Desde 1979 para acá la Argentina atravesó, además de la actual, seis crisis económicas, producto de las cuales el Producto Bruto Interno experimentó una caída en 18 de esos 41 años. O sea, una crisis cada seis años y un año de cada tres con la economía en terreno negativo. La tasa de crecimiento promedio anual del PBI fue de sólo 1.5%, equivalente a 1/3 de la tasa de crecimiento del mundo emergente y a 1/5 de la de crecimiento del Sudeste de Asia en el mismo período.

La volatilidad de ese crecimiento ha sido impresionante: el desvío estándar es de nada menos que 5.7%. Por su parte, la inflación anual salvo en nueve años fue siempre de dos dígitos (y tuvimos años con inflación de tres y hasta cuatro dígitos anuales). Cambiamos tres veces de signo monetario y le sacamos once ceros a nuestra moneda (de los trece que le quitamos desde 1970). La inflación promedio del período fue del 74% anual, y la acumulada es una cifra con 12 dígitos. Tuvimos 31 ministros de economía y 28 presidentes del BCRA en tan sólo 41 años (mientras que hubo sólo 12 secretarios del Tesoro y 5 presidentes de la Reserva Federal en el mismo período). Como decía el genial Tato Bores, “…lo que parece un chiste, si no fuera una joda grande como una casa”.

Cualquier comparación que hagamos de la performance económica de la Argentina, incluso con nuestros vecinos regionales, refleja niveles de volatilidad nominal y real excepcionales. Vista en perspectiva, surge incuestionable la incapacidad para actuar a tiempo y revertir una historia de crisis y frustraciones que se presentan una y otra vez como destino inevitable. Hemos fracasado en la tarea de ser un país desarrollado y, peor aún, en la de ser un país normal. No sólo eso, también somos el único que no pudo, ni siquiera, conservar lo que alguna vez fue.

Pero, ¿cómo salimos del fracaso? Perdemos mucho tiempo discutiendo el pasado e intentando que ese pasado común nos dé respuestas a preguntas difíciles que muchas veces no queremos ni formular. Si bien la tarea debería ser siempre mirar para adelante, no podemos construir un diagnóstico sin recurrir al pasado; y sin él es casi imposible formular un plan o una hoja de ruta con políticas concretas para evitar seguir fracasando.

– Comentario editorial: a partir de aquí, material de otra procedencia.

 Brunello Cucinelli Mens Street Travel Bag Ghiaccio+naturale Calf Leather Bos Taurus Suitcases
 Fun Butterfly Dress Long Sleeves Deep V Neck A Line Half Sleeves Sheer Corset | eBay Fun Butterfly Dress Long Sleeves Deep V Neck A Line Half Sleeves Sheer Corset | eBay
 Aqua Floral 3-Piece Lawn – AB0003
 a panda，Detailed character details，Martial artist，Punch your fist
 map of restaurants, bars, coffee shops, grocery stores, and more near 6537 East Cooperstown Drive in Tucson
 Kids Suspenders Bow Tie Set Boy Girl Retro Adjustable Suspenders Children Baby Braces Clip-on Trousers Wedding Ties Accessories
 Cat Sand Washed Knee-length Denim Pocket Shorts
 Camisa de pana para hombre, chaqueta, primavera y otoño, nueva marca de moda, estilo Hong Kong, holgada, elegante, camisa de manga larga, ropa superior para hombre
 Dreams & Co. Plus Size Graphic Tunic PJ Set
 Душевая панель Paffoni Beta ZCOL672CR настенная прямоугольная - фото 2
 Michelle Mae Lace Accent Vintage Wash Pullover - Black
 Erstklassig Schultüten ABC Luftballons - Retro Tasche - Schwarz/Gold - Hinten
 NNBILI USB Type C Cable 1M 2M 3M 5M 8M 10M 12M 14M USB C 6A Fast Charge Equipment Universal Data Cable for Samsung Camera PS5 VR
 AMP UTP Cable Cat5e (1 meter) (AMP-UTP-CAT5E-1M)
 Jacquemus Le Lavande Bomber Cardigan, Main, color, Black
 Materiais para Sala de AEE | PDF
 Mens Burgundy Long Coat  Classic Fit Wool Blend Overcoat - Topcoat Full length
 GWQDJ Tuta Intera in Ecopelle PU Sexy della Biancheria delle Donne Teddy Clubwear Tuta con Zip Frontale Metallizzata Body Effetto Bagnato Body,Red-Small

Para que la estabilidad macro y el crecimiento dejen de ser elusivos el puntapié inicial debería ser contar con un análisis lo más crudo posible de las razones que nos han hecho fracasar. Sin embargo, llegar a un diagnóstico común o único es una tarea harto difícil, por cierto, cuando muchos de los actores que deben ser parte de cualquier solución se niegan a ver nuestro pasado (e incluso nuestro presente) tal cual es y se empeñan por reinterpretarlo o reescribirlo. Aún así, tal vez todavía exista alguna forma de intentar ese cambio sin entrar en debates históricos (o en la búsqueda de culpables) que no hacen más que consolidar el status quo.

La Argentina necesita dar su propio gran salto hacia delante[1]. Hay que instrumentar un cambio de régimen e intentar cambiar la geografía en la que hemos vivido durante estas últimas décadas, probar con lo que no se ha hecho y dejar de insistir con las mismas recetas. Hemos tratado de convivir con los problemas, pero no hemos hecho demasiado para que desaparezcan. Y esos problemas irresueltos urden su venganza. La receta de ahogar al sector privado (empresarios, comerciantes, consumidores, ahorristas e inversionistas) con más impuestos y más regulaciones no hace otra cosa más que reducir el ahorro, la inversión y la generación de empleo.

Las políticas de asistencia social no deben ser la excusa para seguir aumentando el tamaño de un Estado ineficaz, ineficiente y, más allá de las declamaciones, ausente. No hay que gastar más, sino que hay que gastar mejor. No hay que regular más, sino menos y mejor. Pero, la corporación política tiene que dar el primer paso. Mostrando que está dispuesta a cambiar, renunciando a una parte trascendente de los recursos que hoy maneja. Todo lo contrario, lamentablemente, a lo que nos ofrece durante estos tristes días que vuelven a sugerir otro final anunciado.

 

[1] “A great leap forward” fue el lema con el que se conoció las políticas que el partido comunista decidió aplicar bajo el liderazgo de Deng Xiao Ping.